(Aim of the task):
Repeat the entries below exactly. Begin with the first line and end with the line that contains "Nissan Mistral 1994".

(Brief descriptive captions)
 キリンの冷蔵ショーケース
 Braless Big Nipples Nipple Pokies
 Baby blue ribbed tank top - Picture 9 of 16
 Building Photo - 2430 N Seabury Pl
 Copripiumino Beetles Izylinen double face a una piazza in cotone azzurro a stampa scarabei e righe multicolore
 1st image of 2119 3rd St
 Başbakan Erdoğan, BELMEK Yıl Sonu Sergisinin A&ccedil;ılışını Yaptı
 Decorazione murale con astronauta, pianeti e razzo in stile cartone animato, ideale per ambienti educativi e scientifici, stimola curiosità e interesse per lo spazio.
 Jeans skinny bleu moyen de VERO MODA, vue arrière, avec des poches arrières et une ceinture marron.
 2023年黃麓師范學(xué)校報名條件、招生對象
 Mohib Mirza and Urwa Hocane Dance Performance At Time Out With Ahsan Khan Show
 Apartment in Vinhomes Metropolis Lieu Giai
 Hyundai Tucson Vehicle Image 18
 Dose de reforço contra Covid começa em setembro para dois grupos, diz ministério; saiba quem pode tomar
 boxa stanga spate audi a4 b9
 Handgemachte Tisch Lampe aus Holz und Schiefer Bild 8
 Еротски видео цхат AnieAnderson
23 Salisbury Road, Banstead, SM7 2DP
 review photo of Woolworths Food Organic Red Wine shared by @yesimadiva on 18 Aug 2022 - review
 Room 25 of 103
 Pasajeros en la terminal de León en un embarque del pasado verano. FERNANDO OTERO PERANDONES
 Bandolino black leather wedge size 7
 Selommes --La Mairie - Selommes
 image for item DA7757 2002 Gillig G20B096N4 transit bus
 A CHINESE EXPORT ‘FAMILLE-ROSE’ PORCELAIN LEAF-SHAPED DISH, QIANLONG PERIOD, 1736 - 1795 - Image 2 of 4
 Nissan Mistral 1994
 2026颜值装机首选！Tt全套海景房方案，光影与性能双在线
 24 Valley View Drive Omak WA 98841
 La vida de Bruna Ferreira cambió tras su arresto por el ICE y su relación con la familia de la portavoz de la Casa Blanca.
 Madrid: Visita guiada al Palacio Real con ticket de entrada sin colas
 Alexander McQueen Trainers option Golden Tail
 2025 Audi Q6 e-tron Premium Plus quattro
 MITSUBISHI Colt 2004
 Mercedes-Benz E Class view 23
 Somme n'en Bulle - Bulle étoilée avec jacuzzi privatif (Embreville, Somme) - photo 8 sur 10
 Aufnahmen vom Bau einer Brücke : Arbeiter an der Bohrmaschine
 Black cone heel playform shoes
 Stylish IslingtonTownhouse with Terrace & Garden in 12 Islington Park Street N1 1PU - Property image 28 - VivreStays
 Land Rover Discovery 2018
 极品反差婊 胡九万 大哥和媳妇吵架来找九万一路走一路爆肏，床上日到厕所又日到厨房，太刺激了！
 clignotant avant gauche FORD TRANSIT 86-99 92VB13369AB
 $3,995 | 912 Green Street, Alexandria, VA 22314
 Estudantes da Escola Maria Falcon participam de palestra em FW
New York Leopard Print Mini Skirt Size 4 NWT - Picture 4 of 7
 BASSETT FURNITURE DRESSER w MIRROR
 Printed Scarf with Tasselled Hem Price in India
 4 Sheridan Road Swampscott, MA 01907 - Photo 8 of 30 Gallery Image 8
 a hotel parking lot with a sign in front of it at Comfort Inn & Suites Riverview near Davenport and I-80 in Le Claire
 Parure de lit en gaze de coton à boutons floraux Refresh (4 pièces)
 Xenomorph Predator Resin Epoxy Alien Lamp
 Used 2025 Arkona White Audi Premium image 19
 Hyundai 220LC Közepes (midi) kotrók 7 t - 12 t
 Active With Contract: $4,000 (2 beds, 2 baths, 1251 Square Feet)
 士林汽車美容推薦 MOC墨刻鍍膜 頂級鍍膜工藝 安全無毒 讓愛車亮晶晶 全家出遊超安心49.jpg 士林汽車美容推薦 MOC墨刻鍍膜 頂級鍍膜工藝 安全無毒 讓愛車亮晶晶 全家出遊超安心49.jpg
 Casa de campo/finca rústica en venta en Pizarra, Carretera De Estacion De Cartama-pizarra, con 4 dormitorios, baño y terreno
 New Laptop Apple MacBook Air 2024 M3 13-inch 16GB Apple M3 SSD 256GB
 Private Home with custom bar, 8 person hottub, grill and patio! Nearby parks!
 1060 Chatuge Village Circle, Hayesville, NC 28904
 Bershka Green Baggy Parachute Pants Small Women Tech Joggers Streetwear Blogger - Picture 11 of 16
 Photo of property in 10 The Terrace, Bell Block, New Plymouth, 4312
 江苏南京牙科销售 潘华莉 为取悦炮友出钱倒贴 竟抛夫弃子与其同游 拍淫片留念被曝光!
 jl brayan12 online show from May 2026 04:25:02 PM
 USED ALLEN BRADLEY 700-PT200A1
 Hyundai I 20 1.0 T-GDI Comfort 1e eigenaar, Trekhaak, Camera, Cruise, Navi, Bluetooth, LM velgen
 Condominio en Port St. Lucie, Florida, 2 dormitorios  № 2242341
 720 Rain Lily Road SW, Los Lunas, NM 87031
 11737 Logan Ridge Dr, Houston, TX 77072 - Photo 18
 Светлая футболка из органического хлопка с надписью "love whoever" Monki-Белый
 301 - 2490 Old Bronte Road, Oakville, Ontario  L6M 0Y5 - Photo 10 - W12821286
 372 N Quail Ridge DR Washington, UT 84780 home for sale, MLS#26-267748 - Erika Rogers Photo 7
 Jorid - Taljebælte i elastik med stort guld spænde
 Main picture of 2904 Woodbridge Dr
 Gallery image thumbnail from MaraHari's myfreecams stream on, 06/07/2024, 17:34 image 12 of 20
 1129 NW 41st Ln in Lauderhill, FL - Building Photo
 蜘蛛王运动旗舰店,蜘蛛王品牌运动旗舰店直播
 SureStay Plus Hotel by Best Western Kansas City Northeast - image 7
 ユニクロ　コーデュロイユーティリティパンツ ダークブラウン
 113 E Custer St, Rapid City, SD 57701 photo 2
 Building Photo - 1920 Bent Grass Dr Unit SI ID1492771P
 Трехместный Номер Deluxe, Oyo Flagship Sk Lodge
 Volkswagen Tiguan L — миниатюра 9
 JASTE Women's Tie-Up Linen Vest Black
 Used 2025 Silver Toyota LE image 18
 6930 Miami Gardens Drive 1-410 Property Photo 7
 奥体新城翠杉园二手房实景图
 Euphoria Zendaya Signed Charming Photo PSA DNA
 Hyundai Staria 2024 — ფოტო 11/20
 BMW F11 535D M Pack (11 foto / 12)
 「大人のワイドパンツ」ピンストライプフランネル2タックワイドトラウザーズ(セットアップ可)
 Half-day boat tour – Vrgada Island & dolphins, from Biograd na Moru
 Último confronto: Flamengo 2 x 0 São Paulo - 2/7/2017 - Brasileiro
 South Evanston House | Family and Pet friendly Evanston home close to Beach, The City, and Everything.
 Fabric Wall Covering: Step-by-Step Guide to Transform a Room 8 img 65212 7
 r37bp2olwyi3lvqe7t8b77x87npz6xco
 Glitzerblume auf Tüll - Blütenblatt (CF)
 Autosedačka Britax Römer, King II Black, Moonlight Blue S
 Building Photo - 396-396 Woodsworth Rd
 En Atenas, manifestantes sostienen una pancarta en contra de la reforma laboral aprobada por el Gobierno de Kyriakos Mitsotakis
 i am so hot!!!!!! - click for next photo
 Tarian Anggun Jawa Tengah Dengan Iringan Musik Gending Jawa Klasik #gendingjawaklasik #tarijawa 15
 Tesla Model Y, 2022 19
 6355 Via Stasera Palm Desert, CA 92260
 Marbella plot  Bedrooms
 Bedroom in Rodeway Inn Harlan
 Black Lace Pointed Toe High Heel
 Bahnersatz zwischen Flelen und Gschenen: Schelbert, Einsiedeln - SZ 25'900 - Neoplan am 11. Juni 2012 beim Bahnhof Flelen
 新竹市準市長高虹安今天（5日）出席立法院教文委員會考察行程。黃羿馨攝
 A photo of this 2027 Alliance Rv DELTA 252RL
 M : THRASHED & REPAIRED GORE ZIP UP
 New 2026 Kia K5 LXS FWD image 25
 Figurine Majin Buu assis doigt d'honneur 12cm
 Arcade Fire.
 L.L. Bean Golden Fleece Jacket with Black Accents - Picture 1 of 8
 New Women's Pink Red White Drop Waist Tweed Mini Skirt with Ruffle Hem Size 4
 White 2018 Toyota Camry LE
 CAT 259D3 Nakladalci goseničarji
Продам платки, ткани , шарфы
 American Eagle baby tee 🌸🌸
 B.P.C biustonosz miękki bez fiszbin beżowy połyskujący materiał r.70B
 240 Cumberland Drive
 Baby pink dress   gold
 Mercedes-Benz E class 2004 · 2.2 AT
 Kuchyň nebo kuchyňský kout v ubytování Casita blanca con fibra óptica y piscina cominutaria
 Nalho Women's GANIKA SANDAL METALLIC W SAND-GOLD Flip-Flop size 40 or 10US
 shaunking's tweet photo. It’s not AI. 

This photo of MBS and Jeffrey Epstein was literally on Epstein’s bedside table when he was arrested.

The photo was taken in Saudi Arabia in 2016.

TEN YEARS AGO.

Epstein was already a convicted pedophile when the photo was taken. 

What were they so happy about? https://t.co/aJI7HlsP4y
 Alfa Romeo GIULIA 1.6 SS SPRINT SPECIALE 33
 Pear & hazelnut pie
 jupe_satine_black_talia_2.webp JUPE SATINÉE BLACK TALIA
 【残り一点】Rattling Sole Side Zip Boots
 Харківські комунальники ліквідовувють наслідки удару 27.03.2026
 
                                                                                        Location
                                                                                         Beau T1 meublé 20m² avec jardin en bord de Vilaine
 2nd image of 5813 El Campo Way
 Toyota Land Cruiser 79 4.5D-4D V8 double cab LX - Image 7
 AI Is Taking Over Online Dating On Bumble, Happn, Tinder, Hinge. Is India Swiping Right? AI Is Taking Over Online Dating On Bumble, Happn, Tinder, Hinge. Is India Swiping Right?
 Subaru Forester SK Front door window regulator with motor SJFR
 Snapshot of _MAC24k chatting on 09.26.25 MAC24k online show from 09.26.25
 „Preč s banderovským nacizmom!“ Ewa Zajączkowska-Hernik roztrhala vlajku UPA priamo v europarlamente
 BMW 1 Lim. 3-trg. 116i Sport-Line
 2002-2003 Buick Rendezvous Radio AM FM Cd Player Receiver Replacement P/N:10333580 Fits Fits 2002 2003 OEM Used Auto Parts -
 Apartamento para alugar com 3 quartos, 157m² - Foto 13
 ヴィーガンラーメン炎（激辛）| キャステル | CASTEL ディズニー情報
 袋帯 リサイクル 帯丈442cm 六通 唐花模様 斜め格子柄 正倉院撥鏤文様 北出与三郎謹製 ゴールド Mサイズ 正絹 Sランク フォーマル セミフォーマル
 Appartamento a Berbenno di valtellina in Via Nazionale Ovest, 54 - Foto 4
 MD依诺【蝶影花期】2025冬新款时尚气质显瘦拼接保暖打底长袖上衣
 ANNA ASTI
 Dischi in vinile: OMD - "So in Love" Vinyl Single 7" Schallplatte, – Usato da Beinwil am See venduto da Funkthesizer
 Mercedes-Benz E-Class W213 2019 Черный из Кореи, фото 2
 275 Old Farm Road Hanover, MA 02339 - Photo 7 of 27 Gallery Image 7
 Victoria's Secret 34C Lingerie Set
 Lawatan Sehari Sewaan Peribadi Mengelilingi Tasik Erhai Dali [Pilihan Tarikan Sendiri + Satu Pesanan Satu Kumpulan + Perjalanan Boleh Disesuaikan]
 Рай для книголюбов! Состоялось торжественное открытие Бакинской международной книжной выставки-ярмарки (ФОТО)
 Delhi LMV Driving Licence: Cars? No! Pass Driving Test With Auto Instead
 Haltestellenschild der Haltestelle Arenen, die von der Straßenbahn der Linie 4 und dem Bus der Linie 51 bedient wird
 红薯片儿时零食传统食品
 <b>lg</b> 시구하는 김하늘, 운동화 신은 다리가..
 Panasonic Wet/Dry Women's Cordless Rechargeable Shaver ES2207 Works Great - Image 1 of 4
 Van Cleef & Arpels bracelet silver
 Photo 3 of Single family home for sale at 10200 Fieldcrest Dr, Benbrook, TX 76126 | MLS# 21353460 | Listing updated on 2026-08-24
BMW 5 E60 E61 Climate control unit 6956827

(Exercise response):
 キリンの冷蔵ショーケース
 Braless Big Nipples Nipple Pokies
 Baby blue ribbed tank top - Picture 9 of 16
 Building Photo - 2430 N Seabury Pl
 Copripiumino Beetles Izylinen double face a una piazza in cotone azzurro a stampa scarabei e righe multicolore
 1st image of 2119 3rd St
 Başbakan Erdoğan, BELMEK Yıl Sonu Sergisinin A&ccedil;ılışını Yaptı
 Decorazione murale con astronauta, pianeti e razzo in stile cartone animato, ideale per ambienti educativi e scientifici, stimola curiosità e interesse per lo spazio.
 Jeans skinny bleu moyen de VERO MODA, vue arrière, avec des poches arrières et une ceinture marron.
 2023年黃麓師范學(xué)校報名條件、招生對象
 Mohib Mirza and Urwa Hocane Dance Performance At Time Out With Ahsan Khan Show
 Apartment in Vinhomes Metropolis Lieu Giai
 Hyundai Tucson Vehicle Image 18
 Dose de reforço contra Covid começa em setembro para dois grupos, diz ministério; saiba quem pode tomar
 boxa stanga spate audi a4 b9
 Handgemachte Tisch Lampe aus Holz und Schiefer Bild 8
 Еротски видео цхат AnieAnderson
23 Salisbury Road, Banstead, SM7 2DP
 review photo of Woolworths Food Organic Red Wine shared by @yesimadiva on 18 Aug 2022 - review
 Room 25 of 103
 Pasajeros en la terminal de León en un embarque del pasado verano. FERNANDO OTERO PERANDONES
 Bandolino black leather wedge size 7
 Selommes --La Mairie - Selommes
 image for item DA7757 2002 Gillig G20B096N4 transit bus
 A CHINESE EXPORT ‘FAMILLE-ROSE’ PORCELAIN LEAF-SHAPED DISH, QIANLONG PERIOD, 1736 - 1795 - Image 2 of 4
 Nissan Mistral 1994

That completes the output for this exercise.